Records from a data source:
■ ■ ■ ■ ■ ■ ■

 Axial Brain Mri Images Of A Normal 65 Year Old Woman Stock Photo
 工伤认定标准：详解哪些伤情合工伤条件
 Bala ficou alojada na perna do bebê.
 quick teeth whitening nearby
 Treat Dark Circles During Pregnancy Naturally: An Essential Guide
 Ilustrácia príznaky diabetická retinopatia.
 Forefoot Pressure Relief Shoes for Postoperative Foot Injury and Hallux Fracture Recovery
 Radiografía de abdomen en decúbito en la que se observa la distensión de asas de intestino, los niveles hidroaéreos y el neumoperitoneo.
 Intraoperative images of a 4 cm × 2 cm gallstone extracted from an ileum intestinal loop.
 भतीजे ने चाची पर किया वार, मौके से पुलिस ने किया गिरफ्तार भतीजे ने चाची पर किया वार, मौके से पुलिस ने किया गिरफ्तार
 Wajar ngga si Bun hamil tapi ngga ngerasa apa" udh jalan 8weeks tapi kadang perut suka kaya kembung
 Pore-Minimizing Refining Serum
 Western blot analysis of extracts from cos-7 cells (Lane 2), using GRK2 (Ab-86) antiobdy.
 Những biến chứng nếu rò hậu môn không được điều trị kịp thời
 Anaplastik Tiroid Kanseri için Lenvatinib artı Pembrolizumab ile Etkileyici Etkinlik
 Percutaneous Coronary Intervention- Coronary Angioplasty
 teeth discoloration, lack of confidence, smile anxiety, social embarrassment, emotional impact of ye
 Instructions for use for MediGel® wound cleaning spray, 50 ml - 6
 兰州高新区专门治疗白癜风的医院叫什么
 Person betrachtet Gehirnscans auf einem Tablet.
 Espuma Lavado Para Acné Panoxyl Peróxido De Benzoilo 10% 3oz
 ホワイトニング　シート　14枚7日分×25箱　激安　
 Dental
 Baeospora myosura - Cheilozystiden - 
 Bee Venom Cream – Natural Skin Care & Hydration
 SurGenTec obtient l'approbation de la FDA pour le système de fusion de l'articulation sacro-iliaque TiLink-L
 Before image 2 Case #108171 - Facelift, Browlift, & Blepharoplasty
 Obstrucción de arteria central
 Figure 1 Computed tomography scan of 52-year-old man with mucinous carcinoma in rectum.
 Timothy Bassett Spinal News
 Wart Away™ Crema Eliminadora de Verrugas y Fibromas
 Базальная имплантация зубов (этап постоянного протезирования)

■ ■ ■ ■ ■ ■ ■

• [WORK ORDER]
Write out all the records above one more time, exactly.

• [OUTPUT OF THE EXERCISE]
 Axial Brain Mri Images Of A Normal 65 Year Old Woman Stock Photo
 工伤认定标准：详解哪些伤情合工伤条件
 Bala ficou alojada na perna do bebê.
 quick teeth whitening nearby
 Treat Dark Circles During Pregnancy Naturally: An Essential Guide
 Ilustrácia príznaky diabetická retinopatia.
 Forefoot Pressure Relief Shoes for Postoperative Foot Injury and Hallux Fracture Recovery
 Radiografía de abdomen en decúbito en la que se observa la distensión de asas de intestino, los niveles hidroaéreos y el neumoperitoneo.
 Intraoperative images of a 4 cm × 2 cm gallstone extracted from an ileum intestinal loop.
 भतीजे ने चाची पर किया वार, मौके से पुलिस ने किया गिरफ्तार भतीजे ने चाची पर किया वार, मौके से पुलिस ने किया गिरफ्तार
 Wajar ngga si Bun hamil tapi ngga ngerasa apa" udh jalan 8weeks tapi kadang perut suka kaya kembung
 Pore-Minimizing Refining Serum
 Western blot analysis of extracts from cos-7 cells (Lane 2), using GRK2 (Ab-86) antiobdy.
 Những biến chứng nếu rò hậu môn không được điều trị kịp thời
 Anaplastik Tiroid Kanseri için Lenvatinib artı Pembrolizumab ile Etkileyici Etkinlik
 Percutaneous Coronary Intervention- Coronary Angioplasty
 teeth discoloration, lack of confidence, smile anxiety, social embarrassment, emotional impact of ye
 Instructions for use for MediGel® wound cleaning spray, 50 ml - 6
 兰州高新区专门治疗白癜风的医院叫什么
 Person betrachtet Gehirnscans auf einem Tablet.
 Espuma Lavado Para Acné Panoxyl Peróxido De Benzoilo 10% 3oz
 ホワイトニング　シート　14枚7日分×25箱　激安　
 Dental
 Baeospora myosura - Cheilozystiden - 
 Bee Venom Cream – Natural Skin Care & Hydration
 SurGenTec obtient l'approbation de la FDA pour le système de fusion de l'articulation sacro-iliaque TiLink-L
 Before image 2 Case #108171 - Facelift, Browlift, & Blepharoplasty
 Obstrucción de arteria central
 Figure 1 Computed tomography scan of 52-year-old man with mucinous carcinoma in rectum.
 Timothy Bassett Spinal News
 Wart Away™ Crema Eliminadora de Verrugas y Fibromas
 Базальная имплантация зубов (этап постоянного протезирования)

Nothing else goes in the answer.